Pierre d’angle de ce récital et cheval de bataille de tous les ténors mozartiens, on attend beaucoup de Dichterliebe. Mauro Peter nous rappelle dans le livret que c’est avec celui-ci qu’il a fait ses débuts au Musikverein de Vienne. Pour lui, chaque jeune ténor doit se confronter à cette pièce, malgré la quantité d’enregistrements de qualité déjà disponibles. Et en ce qui le concerne, sa musicalité n’a rien à envier à personne. Outre une clarté du texte irréprochable, le musicien comprend très bien ce que Schumann attend de lui dans ce cycle, si bien que toutes les pages les plus emblématiques sont de grandes réussites (Im wunderschönen Monat Mai, Hör ich das Liedchen klingen ou encore Am leuchtenden Sommermorgen). Quelques réserves restent à émettre pour les pièces sollicitant le registre grave de manière plus intensive: Ich grolle nicht, Das ist ein Flöten und Geigen ou encore Die alten bösen Lieder. Ne disposant pas encore de la puissance nécessaire, les graves sonnent un peu écrasés et on sent le chanteur presque couvert par le piano pourtant attentif de Deutsch. Mauro Peter, conscient de ce manque, a tout à fait raison de se servir de sa prononciation pour pallier ses limites de projection.

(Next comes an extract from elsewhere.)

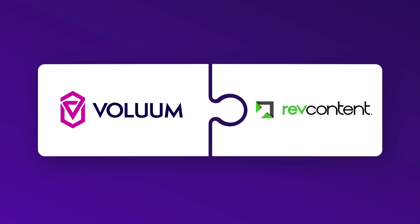In this tutorial, you will learn how to integrate your Volume account with RevContent using Automizer. Once you integrate those two platforms, you will be able to control your campaigns directly from Volume.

Peut-être aussi que certains aigus manquent encore de couleur, mais l’ensemble de la tessiture est très homogène, et c’est un véritable plaisir de l’entendre livrer une interprétation très nuancée de ce formidable cycle.
Les autres pièces ne manquent pas non plus de nous réjouir. Le cycle des Lieder op. 40 est certes moins poignant que le précédent, mais chacun y trouvera son compte de romantisme allemand, surtout dans un émouvant Der Soldat. Les pièces éparses qui complètent l’album sont bien choisies puisque l’on y retrouve les mêmes thématiques que dans les deux grands cycles du programme. Louons particulièrement Der arme Peter à la narration bien sentie et une intéressante Tragödie où l’interprétation discrète mais efficace de la soprano Nikola Hillebrand n’y est pas pour rien. Belsazar est bien mené mais ici encore, on sent des moyens insuffisants.
Une nouvelle fois, l’interprétation de Helmut Deutsch vaut à elle seule le voyage. Outre ses moyens pianistiques lui permettant de véritables coups de poing dramatiques (Der Soldat ou encore la fin de Und wüßten’s die Blumen, die kleinen), le musicien comprend le langage harmonique de Schumann comme personne et nous livre une interprétation stupéfiante dans de nombreuses pièces. Le décalage rythmique et harmonique de la fin de Hör ich das Liedchen klingen est ainsi d’une incroyable modernité. Idem pour la progression harmonique de la fin de Am leuchtenden Sommermorgen tandis que l’ultime expansion du piano dans Die alten bösen Lieder est d’une simplicité à faire pleurer les pierres. Vraiment, Helmut Deutsch est très probablement le meilleur interprète de Lieder vivant.
Malgré les quelques réserves sur les extrémités du registre du ténor, on sent une véritable symbiose s’installer au fur et à mesure des enregistrement et des concerts, qui annonce encore de très belles choses à venir.